> [Data for this task]:
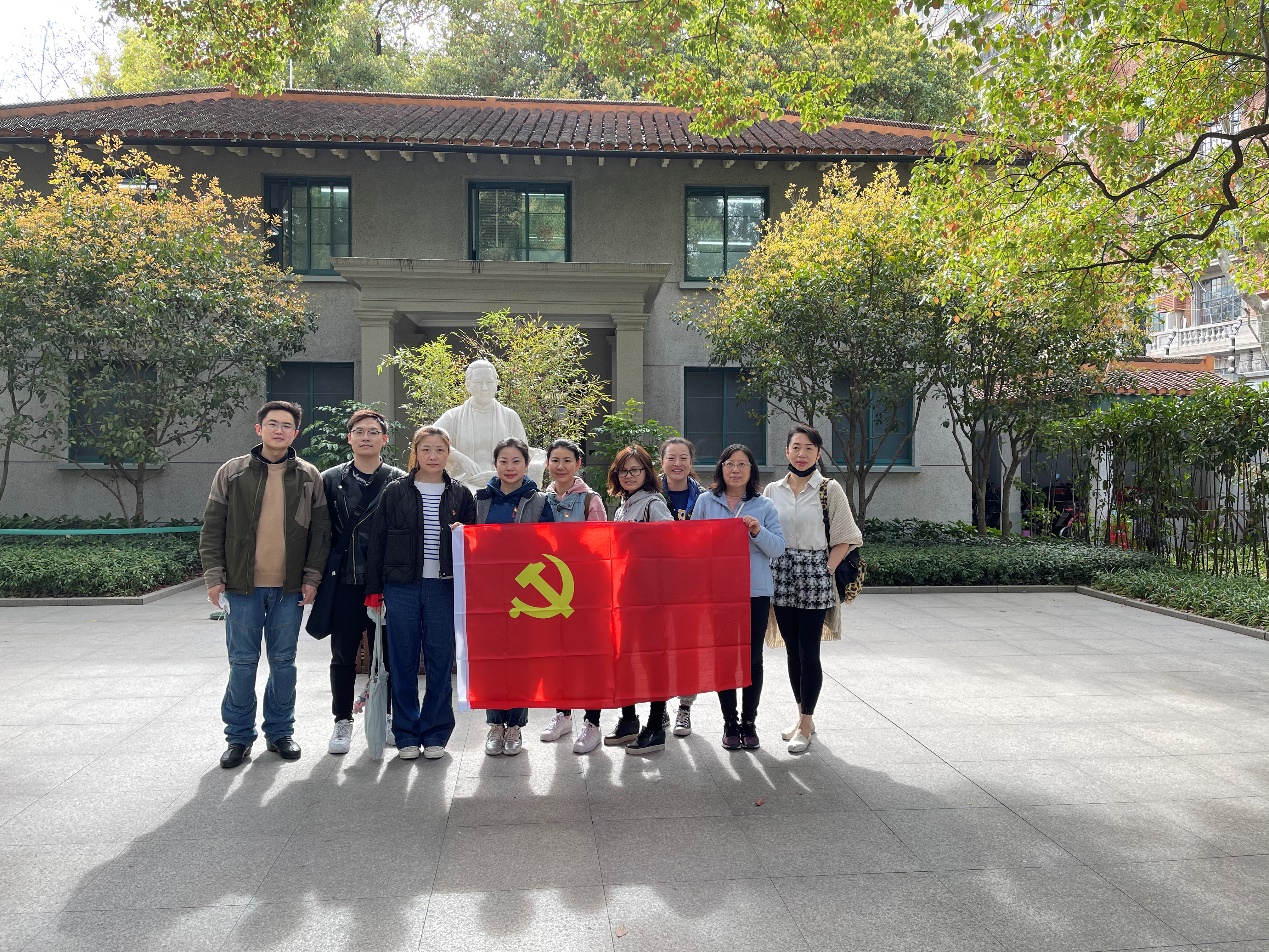 “党史”学习教育参观活动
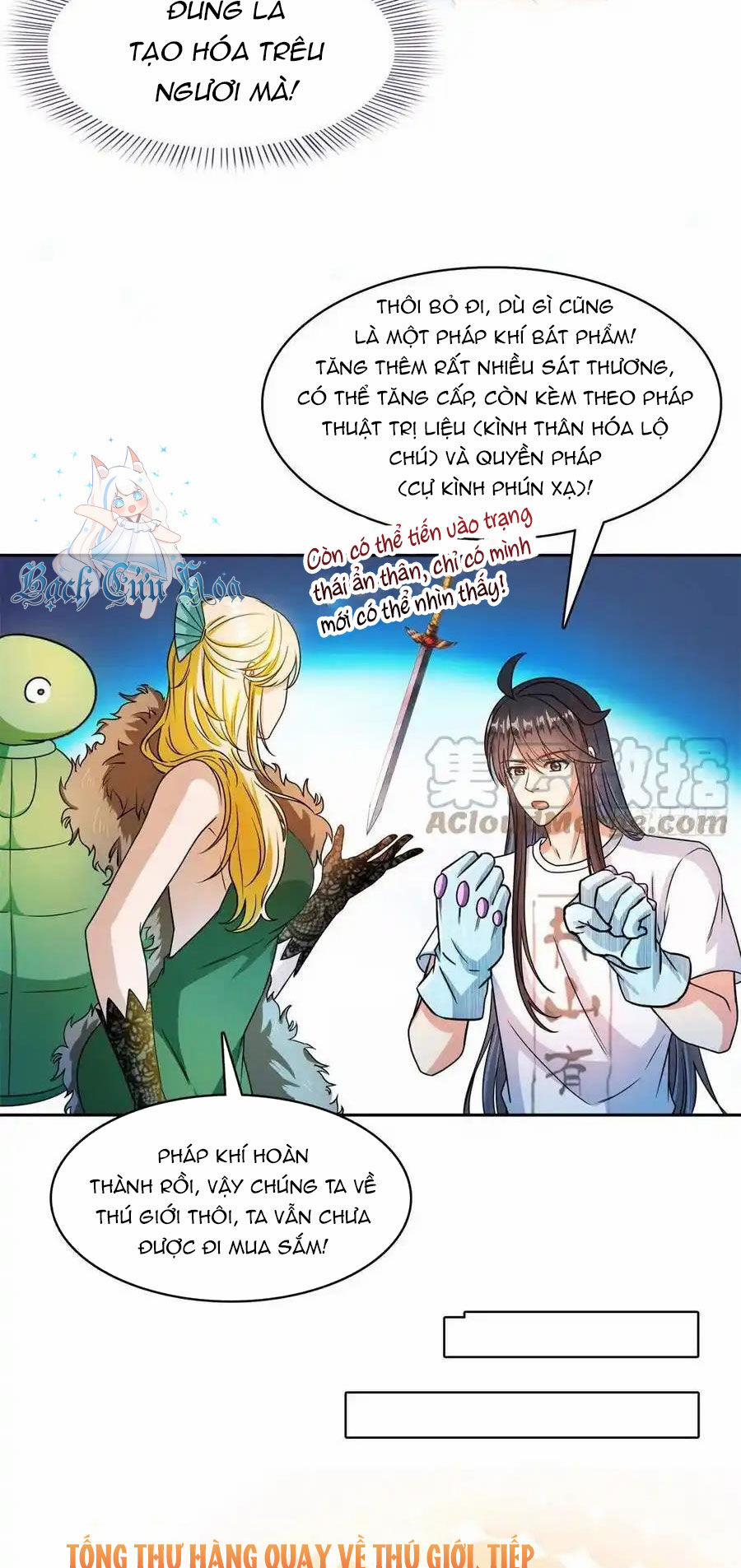 Tu Chân Nói Chuyện Phiếm Quần 424 trang 2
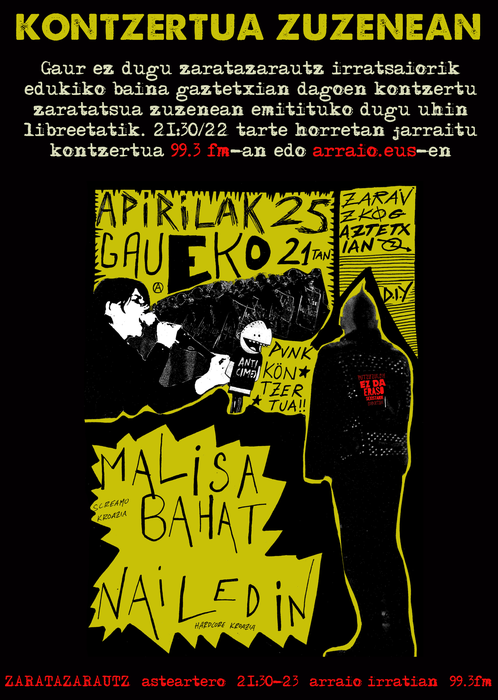 Nailed In eta Malisa Bahat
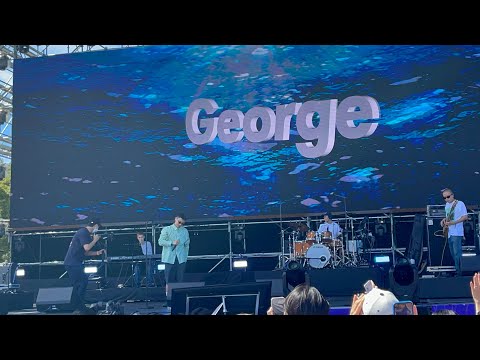 리스펙 페스티벌 JEORGE(죠지) - let's go picnic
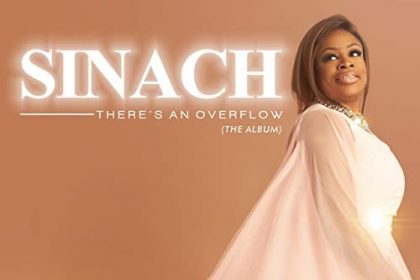 There's An Overflow - Sinach (Gospeldaddy.com)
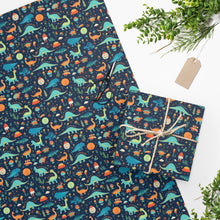 Load image into Gallery viewer, Dinosaur - Wrapping Paper
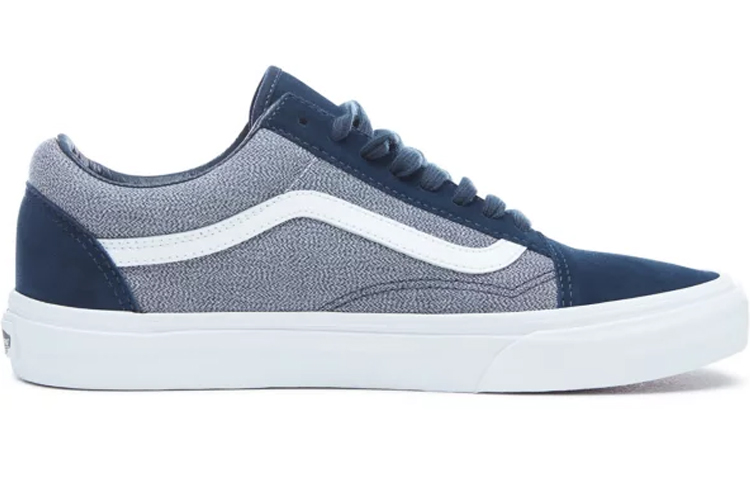 Order Vans Old Skool 'Suiting - Blueberry' VN0A38G1Q74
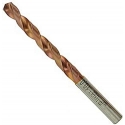 Tivoly Metalo grąžtas FURIUS 9.0mm, Ti2CN FUSIO, HSS kampas "Split point" 135°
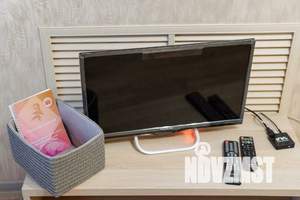 1-к квартира, посуточно, 35м2, 5/5 этаж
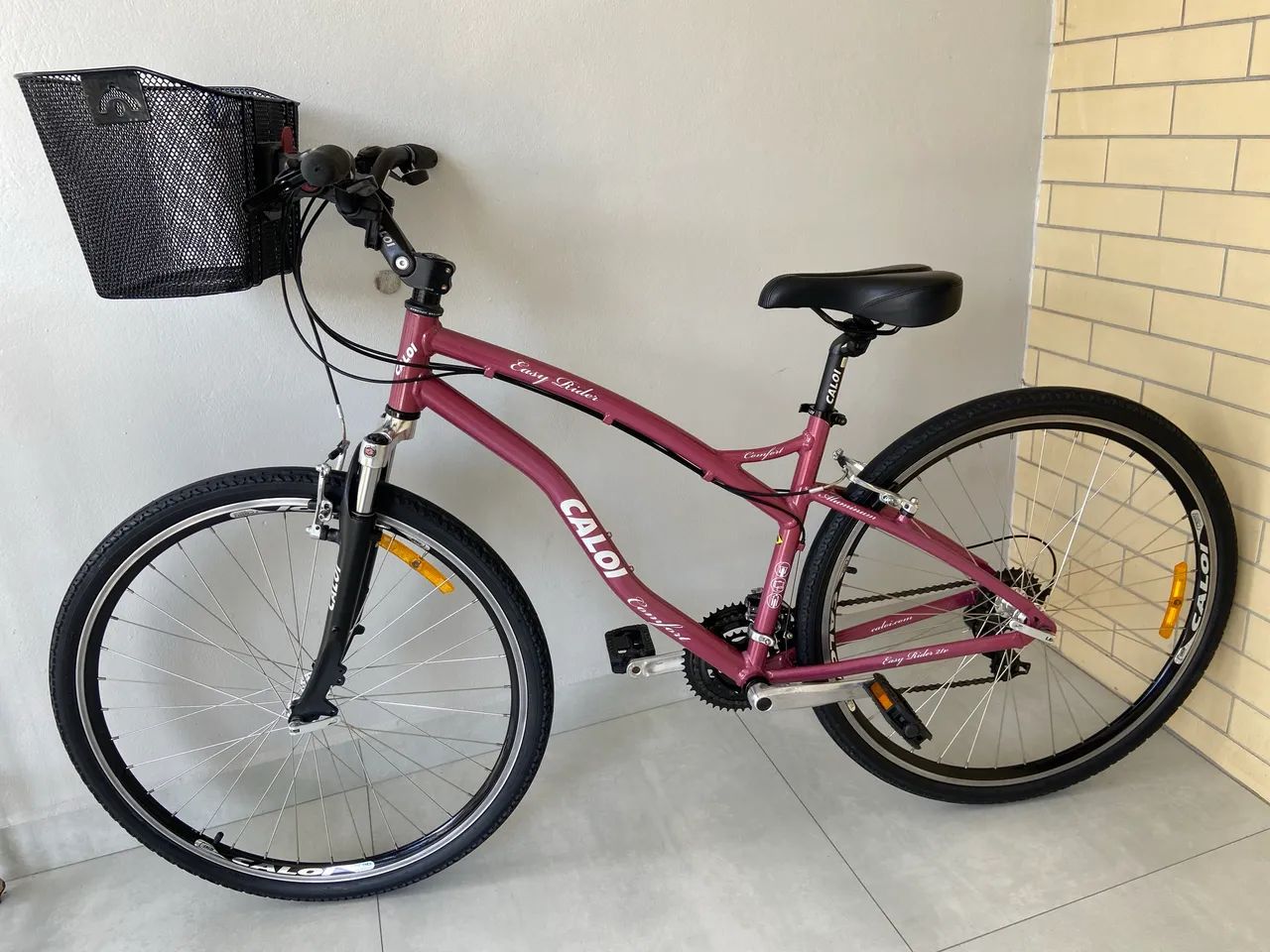 Bicicleta Caloi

> [Requirement]: Using the material above, retype each entry exactly and omit the pictures.

> [Response box]:
 “党史”学习教育参观活动
 Tu Chân Nói Chuyện Phiếm Quần 424 trang 2
 Nailed In eta Malisa Bahat
 리스펙 페스티벌 JEORGE(죠지) - let's go picnic
 There's An Overflow - Sinach (Gospeldaddy.com)
 Load image into Gallery viewer, Dinosaur - Wrapping Paper
 Order Vans Old Skool 'Suiting - Blueberry' VN0A38G1Q74
 Tivoly Metalo grąžtas FURIUS 9.0mm, Ti2CN FUSIO, HSS kampas "Split point" 135°
 1-к квартира, посуточно, 35м2, 5/5 этаж
 Bicicleta Caloi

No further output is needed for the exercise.